Updated: Jun 16
Welcome to 2022 everyone. I hope the festive season has been very enjoyable for all. As we now head into the warmer months of summer, we need to heat-proof our gardens. Let’s go through a few reliable methods and tactics that will ensure your garden stays green through the season.
Mulching the soil
The obvious benefit of mulching is how it creates a physical barrier to minimise moisture evaporating away from the soil. Water is stored for longer periods in the soil area beneath the mulch. There are many different types of mulch available with the dominant ones used being sugar cane, lucerne hay, pine bark and tea tree. One benefit of mulching through summer that often gets overlooked is the protection the mulch gives the organisms in the soil. While protecting water levels in the soil is very important for plants it is also vital for the care of our hard-working soil organisms. The heat of summer can be a serious problem that can create soil conditions that become uninhabitable for small organisms. Mulching the soil helps to moderate the soil temperatures and provides more stable moisture levels as well as food for our tiny little workers.
When irrigating your garden beds make sure you are getting the water down nice and deep. It's easy to quickly throw the hose over the plants and think that you have given your plants respite for the day, however a lot of the surface water will not get to the root system on a hot day. By watering deeper, you are also encouraging the roots to penetrate deeper into the soil. These deeper areas have a better temperature consistency and are far less likely to dry out. By soaking you garden beds to achieve this you will actually find that over time you will use less water, because you are increasing the efficiency of how you are using the water.
Water early or late in the day
By watering your gardens during periods where the sun has a reduced potency, you will lose less water to surface evaporation. Watering early is a great way to set the plants up for the heat of the day. If you are not an early riser the alternative is to water in the evening. A great time to do it as the suns heat is nearly done for the day. If watering late, do minimise too much foliage contact as plants are more susceptible to fungal attack when the suns UV rays aren’t around.
Tip for pots
You do need to keep an extra eye on your potted plants over the summer. The pot can only hold a limited volume of water. If possible, a great method to reduce water usage for potted plants is to move them around the garden into more protected areas. Giving the plants a percentage of the season in a filtered light area under a large tree or minimising their exposure to the tough western heat by situating them on the eastern side of the house. It will aid in reducing the transpiration of water from the plant that will allow you to water less.

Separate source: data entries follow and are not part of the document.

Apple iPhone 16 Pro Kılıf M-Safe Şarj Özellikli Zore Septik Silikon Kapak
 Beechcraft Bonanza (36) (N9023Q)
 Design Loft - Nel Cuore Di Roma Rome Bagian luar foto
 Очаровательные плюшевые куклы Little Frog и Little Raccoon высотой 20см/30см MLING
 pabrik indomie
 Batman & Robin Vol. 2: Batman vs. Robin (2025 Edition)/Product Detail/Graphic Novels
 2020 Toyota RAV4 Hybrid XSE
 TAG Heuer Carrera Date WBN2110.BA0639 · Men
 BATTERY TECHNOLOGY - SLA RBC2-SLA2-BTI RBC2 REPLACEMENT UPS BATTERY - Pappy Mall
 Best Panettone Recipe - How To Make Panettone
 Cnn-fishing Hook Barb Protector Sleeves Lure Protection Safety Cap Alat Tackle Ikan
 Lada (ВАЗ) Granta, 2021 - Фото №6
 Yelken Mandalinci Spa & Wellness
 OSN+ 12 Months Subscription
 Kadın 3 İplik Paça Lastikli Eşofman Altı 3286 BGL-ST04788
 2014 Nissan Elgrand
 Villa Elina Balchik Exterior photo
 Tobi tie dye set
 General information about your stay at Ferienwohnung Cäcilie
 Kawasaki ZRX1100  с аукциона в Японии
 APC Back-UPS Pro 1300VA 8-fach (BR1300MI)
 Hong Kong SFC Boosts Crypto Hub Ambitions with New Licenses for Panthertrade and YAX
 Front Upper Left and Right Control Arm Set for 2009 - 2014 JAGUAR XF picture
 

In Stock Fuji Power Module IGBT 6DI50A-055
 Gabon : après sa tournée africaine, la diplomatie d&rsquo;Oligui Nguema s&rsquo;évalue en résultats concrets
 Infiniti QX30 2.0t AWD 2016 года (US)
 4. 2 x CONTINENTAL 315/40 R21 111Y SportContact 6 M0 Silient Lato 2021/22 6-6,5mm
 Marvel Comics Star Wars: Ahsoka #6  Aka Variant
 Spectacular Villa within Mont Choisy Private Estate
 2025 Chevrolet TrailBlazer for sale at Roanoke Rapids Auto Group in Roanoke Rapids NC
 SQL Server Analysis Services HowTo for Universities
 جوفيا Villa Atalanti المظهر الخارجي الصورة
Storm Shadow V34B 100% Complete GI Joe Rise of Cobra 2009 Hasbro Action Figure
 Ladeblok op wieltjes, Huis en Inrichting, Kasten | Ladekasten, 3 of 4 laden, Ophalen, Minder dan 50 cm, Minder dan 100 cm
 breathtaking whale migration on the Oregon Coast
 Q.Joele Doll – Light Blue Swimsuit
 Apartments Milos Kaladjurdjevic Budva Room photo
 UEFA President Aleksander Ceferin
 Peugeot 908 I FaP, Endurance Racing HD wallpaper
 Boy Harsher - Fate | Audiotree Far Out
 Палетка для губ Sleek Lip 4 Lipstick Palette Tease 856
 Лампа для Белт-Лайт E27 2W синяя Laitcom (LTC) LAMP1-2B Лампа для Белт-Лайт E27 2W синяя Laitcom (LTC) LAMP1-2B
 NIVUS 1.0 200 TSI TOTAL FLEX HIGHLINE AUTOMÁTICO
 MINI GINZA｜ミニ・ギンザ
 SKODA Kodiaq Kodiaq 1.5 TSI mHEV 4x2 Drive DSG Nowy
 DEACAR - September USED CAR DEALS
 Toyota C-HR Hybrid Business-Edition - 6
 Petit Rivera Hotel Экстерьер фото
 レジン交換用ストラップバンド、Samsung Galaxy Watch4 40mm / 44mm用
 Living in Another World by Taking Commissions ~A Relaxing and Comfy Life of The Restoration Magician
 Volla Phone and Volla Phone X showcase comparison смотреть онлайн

The two dominant soil additives that can help your garden are water crystals and wetting agents. Water crystals are best used when they are dug into the soil. They swell up to, many times their initial size and basically provide the soil with lots of ‘little reservoirs’ that the roots of the plant can access. Wetting agents are great for hydrophobic soils that may not be absorbing water as efficiently as they should. Over time soil can develop waxy qualities. The wetting agents aid in breaking up these waxes and thus allow the water to penetrate through the soil rather than around it. Really good to do this right at the beginning of the summer and really aids the method of deep watering.
Plant selection in the nursery
Summer is still a great time to purchase plants in your local nursery. The growers have provided quality plants that have exceptional growth on them due to the full spring season. The range is always very large as the growers have recovered from their peak September supplies and a lot of nurseries will often encourage people into their businesses with new year sales that will guarantee you great value. When purchasing plants in the nursery in the heat always go for plants that have been well ‘hardened off’. Plants that don’t show any signs that they have come straight out of a growing igloo. Too much young, soft, new growth is a risk when you are planting into your garden in the summer. Most nurseries are really responsible with this issue and will often place stock in a holding area out the back if they have received plants that are a little soft. These plants will be ‘hardened off’ until they are deemed tough enough to go straight into the garden.